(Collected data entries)
Start of Block
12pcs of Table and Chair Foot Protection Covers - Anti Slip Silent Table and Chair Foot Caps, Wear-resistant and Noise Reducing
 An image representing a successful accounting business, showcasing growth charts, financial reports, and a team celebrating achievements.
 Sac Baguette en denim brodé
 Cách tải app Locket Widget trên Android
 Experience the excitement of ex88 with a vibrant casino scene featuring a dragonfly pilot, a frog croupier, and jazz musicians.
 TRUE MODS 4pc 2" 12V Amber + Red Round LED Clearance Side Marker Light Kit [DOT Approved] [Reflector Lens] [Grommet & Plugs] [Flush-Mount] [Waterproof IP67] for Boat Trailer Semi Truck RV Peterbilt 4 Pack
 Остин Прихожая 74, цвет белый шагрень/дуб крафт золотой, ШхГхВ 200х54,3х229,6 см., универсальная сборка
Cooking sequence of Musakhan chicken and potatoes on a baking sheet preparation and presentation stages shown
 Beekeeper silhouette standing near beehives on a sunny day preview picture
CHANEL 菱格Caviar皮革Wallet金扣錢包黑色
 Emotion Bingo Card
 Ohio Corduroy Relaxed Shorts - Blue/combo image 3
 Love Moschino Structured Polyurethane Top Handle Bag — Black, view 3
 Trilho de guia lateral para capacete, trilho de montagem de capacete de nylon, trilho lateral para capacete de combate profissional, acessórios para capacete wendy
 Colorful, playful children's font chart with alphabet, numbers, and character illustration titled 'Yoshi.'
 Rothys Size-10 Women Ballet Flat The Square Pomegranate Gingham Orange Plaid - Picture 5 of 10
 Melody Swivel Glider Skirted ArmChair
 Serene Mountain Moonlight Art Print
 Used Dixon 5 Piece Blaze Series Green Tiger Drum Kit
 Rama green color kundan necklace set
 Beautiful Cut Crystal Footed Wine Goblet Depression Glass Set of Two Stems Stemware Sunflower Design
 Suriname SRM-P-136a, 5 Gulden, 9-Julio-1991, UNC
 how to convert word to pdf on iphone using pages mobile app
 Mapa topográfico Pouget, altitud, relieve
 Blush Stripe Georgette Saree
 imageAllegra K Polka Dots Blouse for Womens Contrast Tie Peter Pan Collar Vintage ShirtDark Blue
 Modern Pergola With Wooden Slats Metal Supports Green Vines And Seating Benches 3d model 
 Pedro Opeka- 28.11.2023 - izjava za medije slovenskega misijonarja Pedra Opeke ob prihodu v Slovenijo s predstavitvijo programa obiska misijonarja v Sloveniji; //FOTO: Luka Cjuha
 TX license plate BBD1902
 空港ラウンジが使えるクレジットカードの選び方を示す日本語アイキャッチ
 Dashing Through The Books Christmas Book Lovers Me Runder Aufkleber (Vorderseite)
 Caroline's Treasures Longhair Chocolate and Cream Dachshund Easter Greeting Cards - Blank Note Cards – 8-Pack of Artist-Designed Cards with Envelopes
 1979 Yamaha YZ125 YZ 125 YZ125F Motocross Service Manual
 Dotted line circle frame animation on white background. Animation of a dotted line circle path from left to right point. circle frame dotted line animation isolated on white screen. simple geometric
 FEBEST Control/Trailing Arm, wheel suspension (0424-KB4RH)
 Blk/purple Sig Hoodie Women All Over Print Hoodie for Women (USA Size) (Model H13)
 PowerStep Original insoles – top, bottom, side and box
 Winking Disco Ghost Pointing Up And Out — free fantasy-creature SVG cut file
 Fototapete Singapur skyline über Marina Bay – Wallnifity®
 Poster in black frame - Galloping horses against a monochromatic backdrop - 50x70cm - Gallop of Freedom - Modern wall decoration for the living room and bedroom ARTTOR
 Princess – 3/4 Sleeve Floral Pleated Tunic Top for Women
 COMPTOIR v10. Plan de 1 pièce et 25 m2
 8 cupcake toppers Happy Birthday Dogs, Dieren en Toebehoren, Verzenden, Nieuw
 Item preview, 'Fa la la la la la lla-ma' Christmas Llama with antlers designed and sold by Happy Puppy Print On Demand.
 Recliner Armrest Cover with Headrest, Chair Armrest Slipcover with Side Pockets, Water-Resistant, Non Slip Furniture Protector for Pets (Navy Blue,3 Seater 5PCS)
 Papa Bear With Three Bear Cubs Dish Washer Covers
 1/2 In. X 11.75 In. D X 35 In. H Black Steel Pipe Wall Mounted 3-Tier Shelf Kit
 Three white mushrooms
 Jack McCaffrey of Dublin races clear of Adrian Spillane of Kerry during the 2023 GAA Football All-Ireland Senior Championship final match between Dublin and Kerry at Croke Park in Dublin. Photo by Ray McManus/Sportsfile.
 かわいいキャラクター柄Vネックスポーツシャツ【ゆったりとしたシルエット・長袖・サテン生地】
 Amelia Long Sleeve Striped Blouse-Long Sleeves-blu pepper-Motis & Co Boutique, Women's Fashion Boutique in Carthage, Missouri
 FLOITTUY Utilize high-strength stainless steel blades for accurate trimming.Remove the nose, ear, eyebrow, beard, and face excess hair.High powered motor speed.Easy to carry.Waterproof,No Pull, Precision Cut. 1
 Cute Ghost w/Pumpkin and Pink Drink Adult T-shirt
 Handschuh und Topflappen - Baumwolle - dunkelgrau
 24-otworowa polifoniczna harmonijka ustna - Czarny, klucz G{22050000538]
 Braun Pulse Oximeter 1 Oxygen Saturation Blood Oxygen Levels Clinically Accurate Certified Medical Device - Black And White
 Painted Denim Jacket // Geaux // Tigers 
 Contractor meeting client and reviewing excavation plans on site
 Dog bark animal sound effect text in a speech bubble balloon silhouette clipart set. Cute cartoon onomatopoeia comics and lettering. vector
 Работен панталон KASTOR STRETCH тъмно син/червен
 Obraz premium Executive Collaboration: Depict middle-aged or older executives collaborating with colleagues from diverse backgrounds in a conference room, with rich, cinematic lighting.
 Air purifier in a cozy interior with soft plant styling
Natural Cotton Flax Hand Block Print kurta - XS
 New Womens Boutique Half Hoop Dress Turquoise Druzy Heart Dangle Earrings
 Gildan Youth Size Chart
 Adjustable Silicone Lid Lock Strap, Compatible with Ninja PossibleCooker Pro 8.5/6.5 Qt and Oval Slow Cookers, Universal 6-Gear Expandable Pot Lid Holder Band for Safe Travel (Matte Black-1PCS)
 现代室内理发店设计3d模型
End of Block
> _EXERCISE AIM_
All the data is to be copied over exactly as it stands.

> _SOLUTION TO THIS PROBLEM_
12pcs of Table and Chair Foot Protection Covers - Anti Slip Silent Table and Chair Foot Caps, Wear-resistant and Noise Reducing
 An image representing a successful accounting business, showcasing growth charts, financial reports, and a team celebrating achievements.
 Sac Baguette en denim brodé
 Cách tải app Locket Widget trên Android
 Experience the excitement of ex88 with a vibrant casino scene featuring a dragonfly pilot, a frog croupier, and jazz musicians.
 TRUE MODS 4pc 2" 12V Amber + Red Round LED Clearance Side Marker Light Kit [DOT Approved] [Reflector Lens] [Grommet & Plugs] [Flush-Mount] [Waterproof IP67] for Boat Trailer Semi Truck RV Peterbilt 4 Pack
 Остин Прихожая 74, цвет белый шагрень/дуб крафт золотой, ШхГхВ 200х54,3х229,6 см., универсальная сборка
Cooking sequence of Musakhan chicken and potatoes on a baking sheet preparation and presentation stages shown
 Beekeeper silhouette standing near beehives on a sunny day preview picture
CHANEL 菱格Caviar皮革Wallet金扣錢包黑色
 Emotion Bingo Card
 Ohio Corduroy Relaxed Shorts - Blue/combo image 3
 Love Moschino Structured Polyurethane Top Handle Bag — Black, view 3
 Trilho de guia lateral para capacete, trilho de montagem de capacete de nylon, trilho lateral para capacete de combate profissional, acessórios para capacete wendy
 Colorful, playful children's font chart with alphabet, numbers, and character illustration titled 'Yoshi.'
 Rothys Size-10 Women Ballet Flat The Square Pomegranate Gingham Orange Plaid - Picture 5 of 10
 Melody Swivel Glider Skirted ArmChair
 Serene Mountain Moonlight Art Print
 Used Dixon 5 Piece Blaze Series Green Tiger Drum Kit
 Rama green color kundan necklace set
 Beautiful Cut Crystal Footed Wine Goblet Depression Glass Set of Two Stems Stemware Sunflower Design
 Suriname SRM-P-136a, 5 Gulden, 9-Julio-1991, UNC
 how to convert word to pdf on iphone using pages mobile app
 Mapa topográfico Pouget, altitud, relieve
 Blush Stripe Georgette Saree
 imageAllegra K Polka Dots Blouse for Womens Contrast Tie Peter Pan Collar Vintage ShirtDark Blue
 Modern Pergola With Wooden Slats Metal Supports Green Vines And Seating Benches 3d model 
 Pedro Opeka- 28.11.2023 - izjava za medije slovenskega misijonarja Pedra Opeke ob prihodu v Slovenijo s predstavitvijo programa obiska misijonarja v Sloveniji; //FOTO: Luka Cjuha
 TX license plate BBD1902
 空港ラウンジが使えるクレジットカードの選び方を示す日本語アイキャッチ
 Dashing Through The Books Christmas Book Lovers Me Runder Aufkleber (Vorderseite)
 Caroline's Treasures Longhair Chocolate and Cream Dachshund Easter Greeting Cards - Blank Note Cards – 8-Pack of Artist-Designed Cards with Envelopes
 1979 Yamaha YZ125 YZ 125 YZ125F Motocross Service Manual
 Dotted line circle frame animation on white background. Animation of a dotted line circle path from left to right point. circle frame dotted line animation isolated on white screen. simple geometric
 FEBEST Control/Trailing Arm, wheel suspension (0424-KB4RH)
 Blk/purple Sig Hoodie Women All Over Print Hoodie for Women (USA Size) (Model H13)
 PowerStep Original insoles – top, bottom, side and box
 Winking Disco Ghost Pointing Up And Out — free fantasy-creature SVG cut file
 Fototapete Singapur skyline über Marina Bay – Wallnifity®
 Poster in black frame - Galloping horses against a monochromatic backdrop - 50x70cm - Gallop of Freedom - Modern wall decoration for the living room and bedroom ARTTOR
 Princess – 3/4 Sleeve Floral Pleated Tunic Top for Women
 COMPTOIR v10. Plan de 1 pièce et 25 m2
 8 cupcake toppers Happy Birthday Dogs, Dieren en Toebehoren, Verzenden, Nieuw
 Item preview, 'Fa la la la la la lla-ma' Christmas Llama with antlers designed and sold by Happy Puppy Print On Demand.
 Recliner Armrest Cover with Headrest, Chair Armrest Slipcover with Side Pockets, Water-Resistant, Non Slip Furniture Protector for Pets (Navy Blue,3 Seater 5PCS)
 Papa Bear With Three Bear Cubs Dish Washer Covers
 1/2 In. X 11.75 In. D X 35 In. H Black Steel Pipe Wall Mounted 3-Tier Shelf Kit
 Three white mushrooms
 Jack McCaffrey of Dublin races clear of Adrian Spillane of Kerry during the 2023 GAA Football All-Ireland Senior Championship final match between Dublin and Kerry at Croke Park in Dublin. Photo by Ray McManus/Sportsfile.
 かわいいキャラクター柄Vネックスポーツシャツ【ゆったりとしたシルエット・長袖・サテン生地】
 Amelia Long Sleeve Striped Blouse-Long Sleeves-blu pepper-Motis & Co Boutique, Women's Fashion Boutique in Carthage, Missouri
 FLOITTUY Utilize high-strength stainless steel blades for accurate trimming.Remove the nose, ear, eyebrow, beard, and face excess hair.High powered motor speed.Easy to carry.Waterproof,No Pull, Precision Cut. 1
 Cute Ghost w/Pumpkin and Pink Drink Adult T-shirt
 Handschuh und Topflappen - Baumwolle - dunkelgrau
 24-otworowa polifoniczna harmonijka ustna - Czarny, klucz G{22050000538]
 Braun Pulse Oximeter 1 Oxygen Saturation Blood Oxygen Levels Clinically Accurate Certified Medical Device - Black And White
 Painted Denim Jacket // Geaux // Tigers 
 Contractor meeting client and reviewing excavation plans on site
 Dog bark animal sound effect text in a speech bubble balloon silhouette clipart set. Cute cartoon onomatopoeia comics and lettering. vector
 Работен панталон KASTOR STRETCH тъмно син/червен
 Obraz premium Executive Collaboration: Depict middle-aged or older executives collaborating with colleagues from diverse backgrounds in a conference room, with rich, cinematic lighting.
 Air purifier in a cozy interior with soft plant styling
Natural Cotton Flax Hand Block Print kurta - XS
 New Womens Boutique Half Hoop Dress Turquoise Druzy Heart Dangle Earrings
 Gildan Youth Size Chart
 Adjustable Silicone Lid Lock Strap, Compatible with Ninja PossibleCooker Pro 8.5/6.5 Qt and Oval Slow Cookers, Universal 6-Gear Expandable Pot Lid Holder Band for Safe Travel (Matte Black-1PCS)
 现代室内理发店设计3d模型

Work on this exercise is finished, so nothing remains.